It’s small, but it’s there. By now, we’re all used to regularly seeing amazing pictures of Jupiter provided by NASA’s Juno mission. Many have been processed by volunteer “citizen scientists” and show Jove’s swirling cloud tops courtesy of the spacecraft’s JunoCam in stunning detail.

JunoCam captured something special recently. Look closely at the side-by-side images of Jupiter from March 7, 2024, and you’ll see a small speck crossing the Great Red Spot in the left lead image that isn’t in the right. This is the small inner moon Amalthea, only 84 kilometers in diameter. The image was taken during the 59th period (close flyby) of the “King of the Planets”, at a distance of 265,000 kilometers (about two-thirds of the Earth-Moon distance).

Amalthea: An Origin Story

The elusive moon was discovered by prolific astronomer and observer E.E. Barnard on the night of September 9, 1892. Barnard used the 91-centimeter diameter refracting telescope at Lick Observatory to spot the +14th magnitude moon, which never moved away. of Jupiter (less than the planet’s apparent diameter) on its 12-hour orbit.

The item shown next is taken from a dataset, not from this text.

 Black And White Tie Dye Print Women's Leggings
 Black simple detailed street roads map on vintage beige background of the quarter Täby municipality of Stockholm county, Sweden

Amalthea has the distinction of being the last moon discovered by direct visual observation and the first moon of Jupiter discovered since Galileo first spotted the four large Galilean moons in 1610. Today, Jupiter has 95 known moons, mostly captured asteroids. They have been discovered mainly photographically and during spacecraft flybys.

Like other small moons, Amalthea is not large enough to be drawn into a true sphere. Instead, like the Martian moons Phobos and Deimos, Amalthea is a captured potato-shaped asteroid.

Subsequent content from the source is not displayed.